This will be a non-technical talk about a preliminary idea that I thought I would
talk about to get some feedback.
So there's some unsettling possible aspects of the future,
even if we manage to stay on top of the alignment problem
and make sure our most powerful AIs are basically doing what we intend.
So if things continue getting better, if AI continues getting better,
we'll have AI outperforming humans at basically all jobs, and that'll create strong
economic incentives to give them more decision-making power over everything and have AIs
run institutions, so have AI-run companies.
And these companies would potentially just operate a lot
faster than human-run companies because AIs can think and make decisions faster,
and they don't need the same kinds of motivation and compensation
as humans, so they're easier to manage.
This will obviously apply to companies,
and it might also apply to militaries and governments.
So there have been various proposals
on how humans can stay in control of the future, and so some people have
suggested that we should pause.
And all of these are flawed in some way, so I'm going to propose
another idea that's deeply flawed in its own ways, but at least I haven't heard a lot of people
talking about it, so I might as well add it to the discussion.
So people have suggested we could slow or pause development in some way,
or maybe we should avoid certain types of training which
are likely to be dangerous, like doing, say, long horizon, or possibly dangerous, not necessarily dangerous,
but doing things like long horizon RL. So what I'm going to propose here is that
we can build, when we have sufficiently capable systems,
we can build them with a certain kind of self-enforced limit on how autonomous they'll be.
In particular, have these systems ask for human approval
whenever they're making any kind of important decision. So let's just call it a leash.
A leash is a slight misnomer because I'm going to propose that the
like the model itself, enforces these restrictions.
So the requirement is basically before taking some kind of consequential action,
the AI must ask a human for approval. And this isn't just like pressing "Okay."

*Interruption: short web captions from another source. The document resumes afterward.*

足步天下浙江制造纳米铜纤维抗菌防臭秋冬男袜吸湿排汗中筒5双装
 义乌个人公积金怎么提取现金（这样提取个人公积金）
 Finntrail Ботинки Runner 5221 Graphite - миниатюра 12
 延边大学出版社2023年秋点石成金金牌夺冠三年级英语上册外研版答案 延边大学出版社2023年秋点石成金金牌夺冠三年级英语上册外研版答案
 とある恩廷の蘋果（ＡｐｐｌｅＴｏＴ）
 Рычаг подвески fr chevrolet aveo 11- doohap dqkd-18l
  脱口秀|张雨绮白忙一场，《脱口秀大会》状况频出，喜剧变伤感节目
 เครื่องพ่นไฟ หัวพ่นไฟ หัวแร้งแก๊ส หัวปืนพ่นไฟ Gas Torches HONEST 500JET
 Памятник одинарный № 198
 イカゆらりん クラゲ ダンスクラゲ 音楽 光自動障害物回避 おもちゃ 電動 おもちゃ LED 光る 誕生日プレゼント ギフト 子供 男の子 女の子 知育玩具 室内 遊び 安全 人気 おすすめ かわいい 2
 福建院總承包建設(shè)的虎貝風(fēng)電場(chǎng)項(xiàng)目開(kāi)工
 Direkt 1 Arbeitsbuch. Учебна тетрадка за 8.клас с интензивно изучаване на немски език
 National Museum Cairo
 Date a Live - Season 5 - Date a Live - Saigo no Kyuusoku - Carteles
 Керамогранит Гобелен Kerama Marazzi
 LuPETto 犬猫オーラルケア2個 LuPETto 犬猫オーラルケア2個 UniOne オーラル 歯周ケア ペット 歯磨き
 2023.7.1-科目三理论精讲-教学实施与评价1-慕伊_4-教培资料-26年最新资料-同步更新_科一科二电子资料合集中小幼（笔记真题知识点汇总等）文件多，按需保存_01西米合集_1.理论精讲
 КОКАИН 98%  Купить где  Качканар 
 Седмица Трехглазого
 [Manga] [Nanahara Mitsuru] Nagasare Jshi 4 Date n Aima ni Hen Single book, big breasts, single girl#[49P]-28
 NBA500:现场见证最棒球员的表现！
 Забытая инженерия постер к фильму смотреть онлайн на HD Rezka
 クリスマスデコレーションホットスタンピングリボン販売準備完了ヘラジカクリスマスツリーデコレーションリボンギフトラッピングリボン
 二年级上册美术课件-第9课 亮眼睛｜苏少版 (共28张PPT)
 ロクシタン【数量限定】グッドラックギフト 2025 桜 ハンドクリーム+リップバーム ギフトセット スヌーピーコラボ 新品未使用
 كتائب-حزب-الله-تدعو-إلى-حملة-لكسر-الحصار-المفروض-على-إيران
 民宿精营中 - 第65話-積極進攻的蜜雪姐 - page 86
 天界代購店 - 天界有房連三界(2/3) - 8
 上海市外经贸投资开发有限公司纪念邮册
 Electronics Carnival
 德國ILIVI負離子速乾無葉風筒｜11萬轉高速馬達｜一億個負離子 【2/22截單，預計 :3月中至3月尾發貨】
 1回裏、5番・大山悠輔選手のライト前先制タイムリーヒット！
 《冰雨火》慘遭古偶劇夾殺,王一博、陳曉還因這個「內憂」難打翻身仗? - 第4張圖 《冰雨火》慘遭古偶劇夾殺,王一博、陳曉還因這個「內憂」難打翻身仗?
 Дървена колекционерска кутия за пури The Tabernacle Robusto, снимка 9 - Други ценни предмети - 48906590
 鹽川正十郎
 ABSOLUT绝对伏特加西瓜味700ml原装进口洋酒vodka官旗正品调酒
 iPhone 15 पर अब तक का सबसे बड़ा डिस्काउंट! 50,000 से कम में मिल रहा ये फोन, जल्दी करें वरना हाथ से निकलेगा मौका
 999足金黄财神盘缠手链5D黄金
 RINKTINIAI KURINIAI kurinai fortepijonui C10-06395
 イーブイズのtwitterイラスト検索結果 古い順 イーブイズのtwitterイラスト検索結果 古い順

This would require that the human actually understands the rationale for the action and the and the costs and benefits.
And so you might, like... this would actually be non-trivial for the AI to actually achieve,
because it might have to teach the human a bunch of relevant backgrounds, and it might
have to even give the person a quiz to check that they understood.
And we would have to define what counts as a consequential action.
This could be a transaction of sufficiently high value or something significantly affecting a person, like, say, firing someone.
And, or various other things of that nature. So I think this is one nice thing
about this proposal is it's something we can start working on right now.
So we can, given limitations of current AIs, this would actually be a feature that would help for reasons like security,
like preventing phishing attacks and so forth. Like, if your AI assistant is going to spend your
money or give your credentials to some other third-party site,
you want it to ask your approval. So I think this is actually, a kind of useful thing right now.
And we can at least get some practice on it. So, yeah, I think this is kind of challenging,
but doable with current alignment tech. Of course, there's some problems with this idea, there'll be a lot of
pressure to get rid of this, because it'll slow things down. And I think, a pretty serious
flaw is that, once you start, I think the most serious flaw is that once you start getting regulators involved,
they'll feel a lot of pressure to prevent AIs from doing various things that they should be able to do.
Like, in New York City the subways still have conductors because the union of conductors basically lobbied for this.
So you could imagine every job category there's some pressure on the government to regulate AI
so they can't do their job. So I think this would also remove a lot of the possible benefits of AI. Thanks for your attention.